JAMBI, KOMPAS — Hingga Selasa (17/7/2018), sudah lebih dari 1.000 ikan predator diserahkan warga dari sejumlah daerah. Pemerintah memberi waktu penyerahan ikan hingga akhir bulan ini sebelum berlakunya penegakan hukum soal larangan memelihara ikan predator.
Kepala BKIPM Kementerian Kelautan dan Perikanan Rina mengatakan, sebagian besar ikan predator yang diserahkan warga berupa aligator. ”Total sudah lebih dari 1.000 ikan aligator. Kalau ikan arapaima sudah sekitar 50 ekor,” katanya.

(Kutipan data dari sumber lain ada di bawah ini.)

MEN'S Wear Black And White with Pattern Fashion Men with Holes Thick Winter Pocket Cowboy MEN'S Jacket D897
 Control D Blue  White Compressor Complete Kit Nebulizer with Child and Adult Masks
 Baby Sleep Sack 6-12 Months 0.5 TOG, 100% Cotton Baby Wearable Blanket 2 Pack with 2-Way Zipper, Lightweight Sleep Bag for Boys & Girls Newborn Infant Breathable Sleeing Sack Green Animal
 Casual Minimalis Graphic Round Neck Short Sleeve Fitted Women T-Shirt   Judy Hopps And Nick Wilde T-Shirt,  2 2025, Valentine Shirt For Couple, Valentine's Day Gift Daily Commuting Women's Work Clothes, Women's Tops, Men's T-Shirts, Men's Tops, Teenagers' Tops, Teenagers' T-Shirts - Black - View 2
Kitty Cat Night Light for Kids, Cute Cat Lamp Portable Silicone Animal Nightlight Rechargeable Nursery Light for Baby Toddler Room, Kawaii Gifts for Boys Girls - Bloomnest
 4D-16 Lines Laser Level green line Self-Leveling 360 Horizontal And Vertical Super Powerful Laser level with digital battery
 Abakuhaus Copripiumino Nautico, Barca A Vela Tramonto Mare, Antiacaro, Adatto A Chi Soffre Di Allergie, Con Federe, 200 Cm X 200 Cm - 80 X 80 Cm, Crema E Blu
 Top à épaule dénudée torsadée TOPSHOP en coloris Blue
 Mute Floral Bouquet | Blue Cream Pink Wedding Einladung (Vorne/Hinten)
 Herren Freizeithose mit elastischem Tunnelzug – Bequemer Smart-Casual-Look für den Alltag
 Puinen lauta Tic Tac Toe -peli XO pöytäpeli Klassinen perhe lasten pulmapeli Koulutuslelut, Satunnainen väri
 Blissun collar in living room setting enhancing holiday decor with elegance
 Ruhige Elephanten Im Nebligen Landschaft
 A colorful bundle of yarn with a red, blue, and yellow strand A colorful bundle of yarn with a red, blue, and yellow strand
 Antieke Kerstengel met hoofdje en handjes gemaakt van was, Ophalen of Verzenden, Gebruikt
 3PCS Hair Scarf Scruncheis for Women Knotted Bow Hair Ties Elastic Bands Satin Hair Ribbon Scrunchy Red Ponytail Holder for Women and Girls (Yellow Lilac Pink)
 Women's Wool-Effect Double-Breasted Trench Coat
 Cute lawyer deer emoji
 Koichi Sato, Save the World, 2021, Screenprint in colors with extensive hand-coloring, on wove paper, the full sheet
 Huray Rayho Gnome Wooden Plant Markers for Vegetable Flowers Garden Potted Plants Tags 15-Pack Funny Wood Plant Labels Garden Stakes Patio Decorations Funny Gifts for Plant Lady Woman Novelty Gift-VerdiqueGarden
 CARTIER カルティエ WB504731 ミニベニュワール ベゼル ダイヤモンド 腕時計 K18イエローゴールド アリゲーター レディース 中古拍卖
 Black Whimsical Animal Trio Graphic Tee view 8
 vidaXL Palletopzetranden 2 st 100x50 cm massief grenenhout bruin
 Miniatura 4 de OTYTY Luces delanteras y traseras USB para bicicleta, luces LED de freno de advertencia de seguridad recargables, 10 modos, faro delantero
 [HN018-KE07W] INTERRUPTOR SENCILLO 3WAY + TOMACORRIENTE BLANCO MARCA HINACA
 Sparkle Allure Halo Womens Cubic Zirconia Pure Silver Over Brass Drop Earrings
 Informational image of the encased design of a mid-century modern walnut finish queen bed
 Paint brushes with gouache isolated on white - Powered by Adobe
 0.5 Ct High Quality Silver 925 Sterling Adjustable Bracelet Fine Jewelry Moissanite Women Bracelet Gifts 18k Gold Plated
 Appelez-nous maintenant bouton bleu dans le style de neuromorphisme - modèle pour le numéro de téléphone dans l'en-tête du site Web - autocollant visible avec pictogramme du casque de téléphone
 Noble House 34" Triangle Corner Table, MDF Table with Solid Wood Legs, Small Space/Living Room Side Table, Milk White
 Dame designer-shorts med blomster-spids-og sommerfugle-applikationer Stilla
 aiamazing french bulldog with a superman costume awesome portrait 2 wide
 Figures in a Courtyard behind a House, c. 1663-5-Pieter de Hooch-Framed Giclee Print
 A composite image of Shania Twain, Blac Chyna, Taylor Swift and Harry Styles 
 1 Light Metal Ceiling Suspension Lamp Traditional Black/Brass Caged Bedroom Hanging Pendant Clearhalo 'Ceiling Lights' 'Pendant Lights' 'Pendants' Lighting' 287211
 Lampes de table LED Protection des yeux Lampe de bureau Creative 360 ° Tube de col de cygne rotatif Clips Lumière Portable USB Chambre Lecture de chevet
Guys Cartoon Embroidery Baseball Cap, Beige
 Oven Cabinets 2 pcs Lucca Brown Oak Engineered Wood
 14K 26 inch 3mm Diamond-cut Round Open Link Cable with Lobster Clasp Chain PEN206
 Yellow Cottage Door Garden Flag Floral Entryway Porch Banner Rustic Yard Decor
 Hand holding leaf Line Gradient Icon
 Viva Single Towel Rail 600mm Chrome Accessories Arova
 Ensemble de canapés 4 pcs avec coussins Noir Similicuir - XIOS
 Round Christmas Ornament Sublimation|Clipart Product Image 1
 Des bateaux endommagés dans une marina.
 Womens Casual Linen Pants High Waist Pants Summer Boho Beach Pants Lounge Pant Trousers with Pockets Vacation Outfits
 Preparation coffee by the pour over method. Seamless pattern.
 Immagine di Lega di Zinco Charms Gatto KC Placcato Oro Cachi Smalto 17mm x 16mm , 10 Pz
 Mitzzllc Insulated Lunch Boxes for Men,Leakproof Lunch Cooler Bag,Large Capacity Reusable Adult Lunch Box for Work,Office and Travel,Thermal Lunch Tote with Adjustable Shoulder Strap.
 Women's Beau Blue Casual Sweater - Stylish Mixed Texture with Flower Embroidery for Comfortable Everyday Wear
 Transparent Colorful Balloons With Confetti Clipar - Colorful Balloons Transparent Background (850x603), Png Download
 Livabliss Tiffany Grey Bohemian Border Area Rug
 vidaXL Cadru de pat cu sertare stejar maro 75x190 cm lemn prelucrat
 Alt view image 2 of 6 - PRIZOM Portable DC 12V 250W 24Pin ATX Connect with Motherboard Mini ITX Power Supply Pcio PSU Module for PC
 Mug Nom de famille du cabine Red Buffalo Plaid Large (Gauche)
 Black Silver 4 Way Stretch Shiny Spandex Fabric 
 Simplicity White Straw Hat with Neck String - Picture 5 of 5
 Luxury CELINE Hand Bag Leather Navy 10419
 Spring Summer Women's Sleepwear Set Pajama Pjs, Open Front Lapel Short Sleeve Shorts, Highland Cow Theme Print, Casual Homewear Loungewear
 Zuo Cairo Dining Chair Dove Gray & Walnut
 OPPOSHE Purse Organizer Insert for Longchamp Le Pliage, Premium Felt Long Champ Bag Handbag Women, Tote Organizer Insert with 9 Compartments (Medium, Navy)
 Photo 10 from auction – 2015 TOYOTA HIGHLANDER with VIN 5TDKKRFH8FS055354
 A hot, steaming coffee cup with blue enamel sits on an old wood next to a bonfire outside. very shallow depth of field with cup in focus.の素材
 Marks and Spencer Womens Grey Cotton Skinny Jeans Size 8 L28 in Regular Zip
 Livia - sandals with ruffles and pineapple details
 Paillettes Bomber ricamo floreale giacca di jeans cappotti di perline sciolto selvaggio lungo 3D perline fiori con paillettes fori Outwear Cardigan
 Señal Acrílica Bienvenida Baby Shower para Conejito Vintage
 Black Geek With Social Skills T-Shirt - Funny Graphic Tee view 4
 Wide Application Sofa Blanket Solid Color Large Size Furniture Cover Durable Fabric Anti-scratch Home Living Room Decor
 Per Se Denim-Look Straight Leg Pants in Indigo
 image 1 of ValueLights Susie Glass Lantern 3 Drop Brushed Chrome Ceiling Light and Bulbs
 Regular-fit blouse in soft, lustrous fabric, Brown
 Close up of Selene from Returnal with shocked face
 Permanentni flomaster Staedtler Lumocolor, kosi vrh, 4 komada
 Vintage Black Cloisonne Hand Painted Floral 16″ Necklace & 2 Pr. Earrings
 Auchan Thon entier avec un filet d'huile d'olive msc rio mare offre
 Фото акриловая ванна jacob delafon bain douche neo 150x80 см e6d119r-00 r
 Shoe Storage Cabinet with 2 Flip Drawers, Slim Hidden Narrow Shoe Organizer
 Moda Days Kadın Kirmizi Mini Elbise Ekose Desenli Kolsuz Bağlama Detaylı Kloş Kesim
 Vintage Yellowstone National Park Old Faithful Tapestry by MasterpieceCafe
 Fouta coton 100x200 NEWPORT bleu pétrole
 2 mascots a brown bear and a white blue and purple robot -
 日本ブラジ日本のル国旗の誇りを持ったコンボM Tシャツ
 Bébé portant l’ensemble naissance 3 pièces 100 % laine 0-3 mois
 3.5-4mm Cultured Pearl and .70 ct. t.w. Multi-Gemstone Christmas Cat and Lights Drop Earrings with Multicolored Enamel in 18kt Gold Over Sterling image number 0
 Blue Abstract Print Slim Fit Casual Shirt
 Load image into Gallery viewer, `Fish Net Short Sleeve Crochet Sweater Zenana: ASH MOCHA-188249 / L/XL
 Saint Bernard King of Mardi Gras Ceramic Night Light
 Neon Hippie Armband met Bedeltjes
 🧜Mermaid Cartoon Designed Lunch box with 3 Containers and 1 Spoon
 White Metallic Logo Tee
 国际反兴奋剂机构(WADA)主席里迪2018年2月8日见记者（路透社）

Rina membenarkan masih ada sejumlah warga menolak menyerahkan dan menuntut ganti rugi. Namun, katanya, pemerintah tak menganggarkannya. Pihaknya meminta kerelaan warga untuk menyerahkan. Pemilik yang tidak mau menyerahkan ikan-ikan predator tersebut dapat dijerat Undang-Undang Nomor 31 Tahun 2004 tentang Perikanan.
Pasal 88 dalam aturan itu berbunyi, ”Setiap orang yang dengan sengaja memasukkan, mengeluarkan, mengadakan, mengedarkan, dan atau memelihara ikan yang merugikan masyarakat, pembudidaya ikan, sumber daya ikan, dan atau lingkungan sumber daya ikan dapat dipidana penjara paling lama 6 tahun dan denda paling banyak Rp 1,5 miliar”.
Selasa Siang, pejabat di lingkungan Dinas Perikanan dan Kelautan Provinsi Jambi menyerahkan seekor ikan aligator. Dodi Febri, pejabat tersebut, mengatakan, dirinya telah memelihara ikan itu lima tahun terakhir sebelum aturan larangam memelihara berlaku. ”Setelah tahu ada aturan larangan, saya terpaksa serahkan,” ujarnya.
Kepala DPK Provinsi Jambi Tema Wisman mengatakan, pihaknya membuka posko penyerahan ikan predator di kantor dinas.
Aligator yang berasal dari perairan Amerika Selatan termasuk dalam 152 jenis ikan yang dilarang sesuai Peraturan Menteri Kelautan dan Perikanan Nomor 41 Tahun 2014 yang bersifat berbahaya dan invasif sehingga dikhawatirkan mendominasi ekosistem laut.
Kepemilikan ikan kategori berbahaya dan invasif tersebut dilarang keras oleh Kementerian Kelautan dan Perikanan. Selain ikan aligator, dilarang pula masuknya arapaima dan piranha.